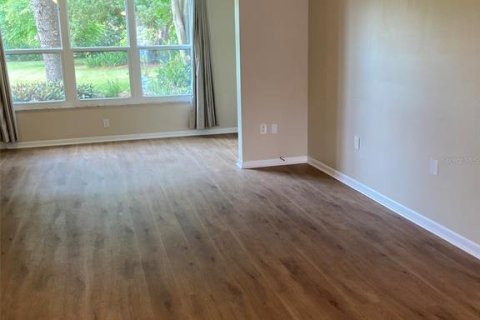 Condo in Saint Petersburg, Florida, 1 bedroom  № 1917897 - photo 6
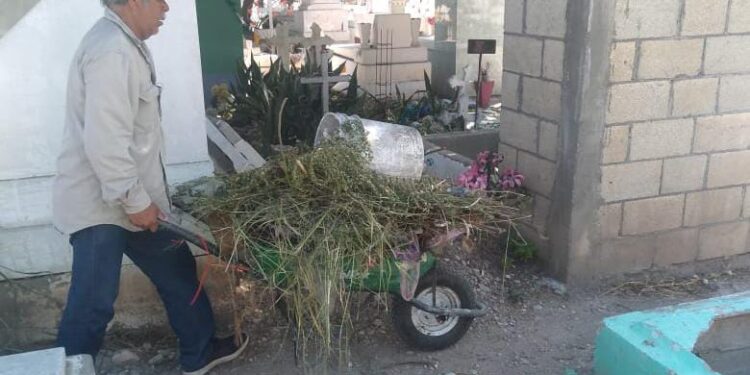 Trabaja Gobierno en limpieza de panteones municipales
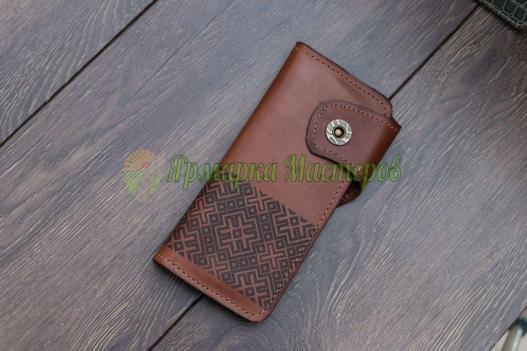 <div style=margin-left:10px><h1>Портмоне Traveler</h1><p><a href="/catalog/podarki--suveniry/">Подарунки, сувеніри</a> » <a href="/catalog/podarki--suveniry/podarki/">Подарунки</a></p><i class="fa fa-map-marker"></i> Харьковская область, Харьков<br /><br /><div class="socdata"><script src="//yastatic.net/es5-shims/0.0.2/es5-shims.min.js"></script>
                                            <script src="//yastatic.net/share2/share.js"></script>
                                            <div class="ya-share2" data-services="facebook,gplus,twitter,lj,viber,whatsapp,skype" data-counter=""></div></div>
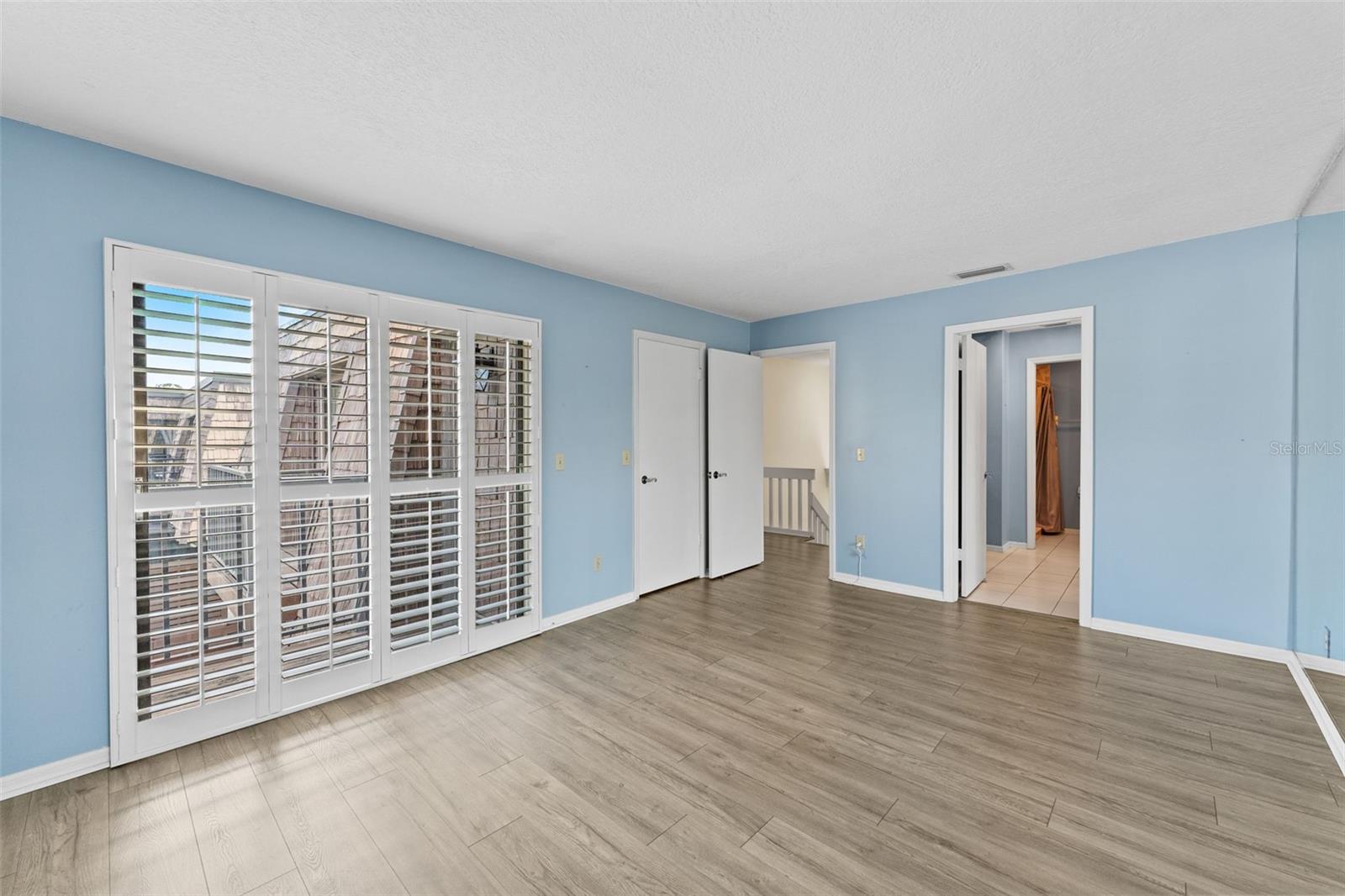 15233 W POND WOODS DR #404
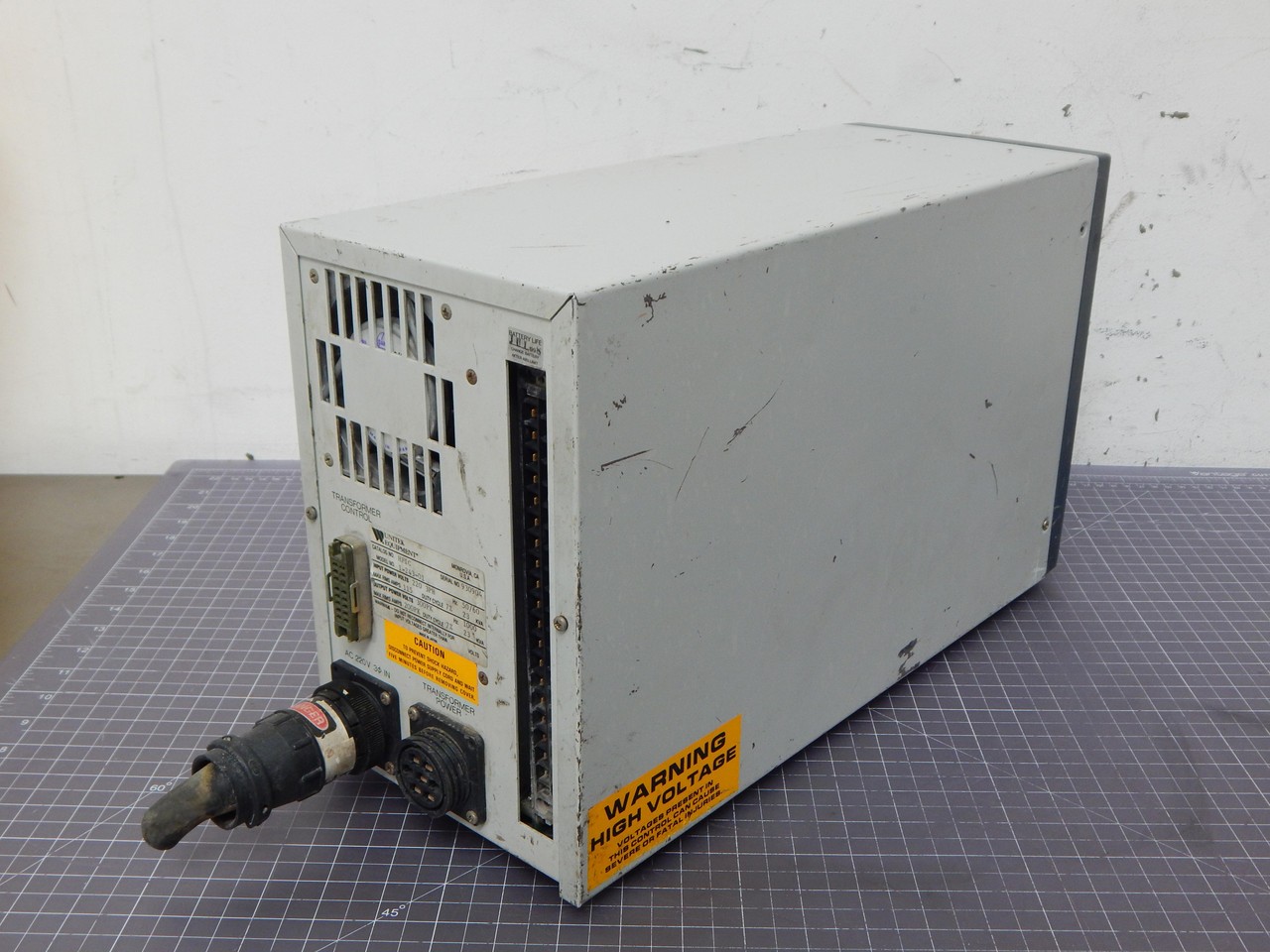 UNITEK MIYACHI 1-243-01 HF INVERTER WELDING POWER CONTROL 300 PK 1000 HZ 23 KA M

* REQUIRED ACTION *
Repeat the lines above, starting at the first and stopping after the line that holds "Trabaja Gobierno en", with the pictures left out.

* EXERCISE RESPONSE *
 Condo in Saint Petersburg, Florida, 1 bedroom  № 1917897 - photo 6
 Trabaja Gobierno en limpieza de panteones municipales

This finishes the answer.